图 26.4 左:图中添加了多余的背景网格线。右:简单清晰的绘图让数据趋势更加易读。#
原则 2:使用视觉突出元素展示数据。 连接点的线条不应遮挡数据点,确保每个数据点都清晰可见。如果图表中展示多个数据集,它们应在视觉上可区分开。若数据重叠,考虑将数据分拆到多个共享轴的相邻图表中。

图 26.5 左:图中添加了适当数量的点。右:图中添加了过多数量的点。#
原则 3:使用简洁的参考线、标签、注释和图例。 参考线应仅用于标示数据中的重要阈值,并且应尽量简洁,只在必要时使用。避免过多的参考线、标签或注释,以免干扰数据本身的展示。

图 26.6 左:适当的辅助线帮助用户阅读数据。右:多余的参考线使图像杂乱、重点不突出。#
原则 4:确保叠加数据集中的不同组的符号可分离,同组的符号在视觉上易于组合。 如果在同一图表中显示多个数据集,使用不同且可区分的符号来表示不同的数据集。同一数据集中的视觉元素应便于组合和理解,确保用户能轻松识别各组数据。

图 26.7 左:对不同数据集采用相同的视觉符号使之无法区分。右:对不同数据集采用易于区分的视觉符号,图中不同直线对应不同线型有助于在仅黑白两色的媒介中清楚展示不同直线的图像。#
原则 5:使用适当的比例刻度和数据边距。 每个坐标轴应包含至少两条比例刻度线(如左/右或上/下),以清晰界定数据区域。适当的边距有助于突出图表中的核心内容,避免数据被挤压在边缘。每个坐标轴应标明 3 至 10 条刻度线,确保数据的清晰呈现。

图 26.8 对比左侧两图,右侧图中没有刻度框线和边距,数据点之间相互重叠,横坐标刻度过多因此拥挤且难以阅读。#
提升理解效果(improving the understanding)的目标是确保图形有效地传达信息,使用户能够抓住核心要点。通过使用恰当的标签、标题和注解等,帮助用户理解图形背后的故事和数据逻辑。
原则 1:提供清晰的解释并得出结论。 图形是验证假设或传达结果的工具。为了有效传达信息,需要通过文字(如段落或标题)描述一切所需信息(包括并不限于背景信息、实验设置、图例含义以及从图中提取的结论等)。文字重点应放在解释主要特点和阐述结论上。

图 26.9 在图片标题中利用文字说明详细信息。#
原则 2:充分利用可用空间。 尽量填充数据矩形区域,避免无意义的空白。只有在必要时(例如科学数据中表示零值的空白)才使用空白区域,这有助于确保数据的可见性和图表的紧凑性。

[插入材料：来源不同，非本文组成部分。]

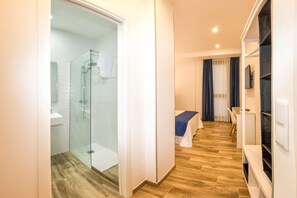A hotel room with a glass shower, a bed with a blue bedspread, a desk with a chair, and a TV on the wall. - Hostal Luz del Sol Barbate (Barbate)
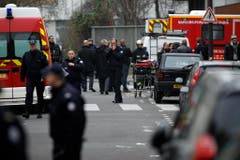 Polizisten und Feuerwehrleute beim Tatort. (Bild: Keystone)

图 26.10 左图中,不正确的坐标比例选取使得数据矩形中留白过多,且导致不恰当的结论。#
原则 3:适时使用对数刻度。 对数刻度适用于显示百分比变化、乘法因子和数据偏度。它能有效展示数据的变化趋势,特别是在处理指数增长或极差值时。

图 26.11 右图中,使用对数坐标可以得到几乎直线的数据分布,从而说明了数据的具体变化趋势。#
原则 4:调整图表的纵横比。 通过优化图表的纵横比,使图形中的线条方向更加清晰可辨。通常,45度的倾斜角度有助于提高图表的可读性。

图 26.12 不同的图表纵横比会导致数据连线呈现出不同的倾斜度。#
原则 5:确保图表对齐与比例一致。 对齐并列图表时,确保它们的比例一致且对齐,以便用户能方便地进行对比分析,避免图表之间的视觉不一致造成误解。

图 26.13 在并列图标中使用相同的坐标比例从而利于对比分析。#
26.2.2. 基础绘图技术#
折线图(line plot):也被称为连接符号图(Connected symbol plot),是一种最常用的绘图技术,通过连接数据点来显示数据之间关系的图形。每个数据点用符号(例如圆圈、方块、点等)表示,并通过线条连接相邻的数据点。这类图表常用于展示连续数据之间的趋势或关系,如时间序列或其他有序的一维数据,如图 26.14所示。在连接符号图中,符号标出了可能带有高频噪音的数据,连线显示出平滑数据的低频特征,符号连线则结合了两者的功能,利用符号展现数据实际分布并用连接线更清晰地跟踪数据随时间或其他变量的变化趋势。折线图非常适合于展现连续型数据(如时间序列、温度变化、收益率等)的趋势、峰值、波动等特征。 对比多条折线时,应区分颜色或线型,避免信息混淆。

图 26.14 连线图。#
点图(dot plot):是一种与柱状图或饼状图性质类似的绘图形式,适用于有定量标注的且相互之间没有顺序关系的数据,如图 26.15和图 26.16所示。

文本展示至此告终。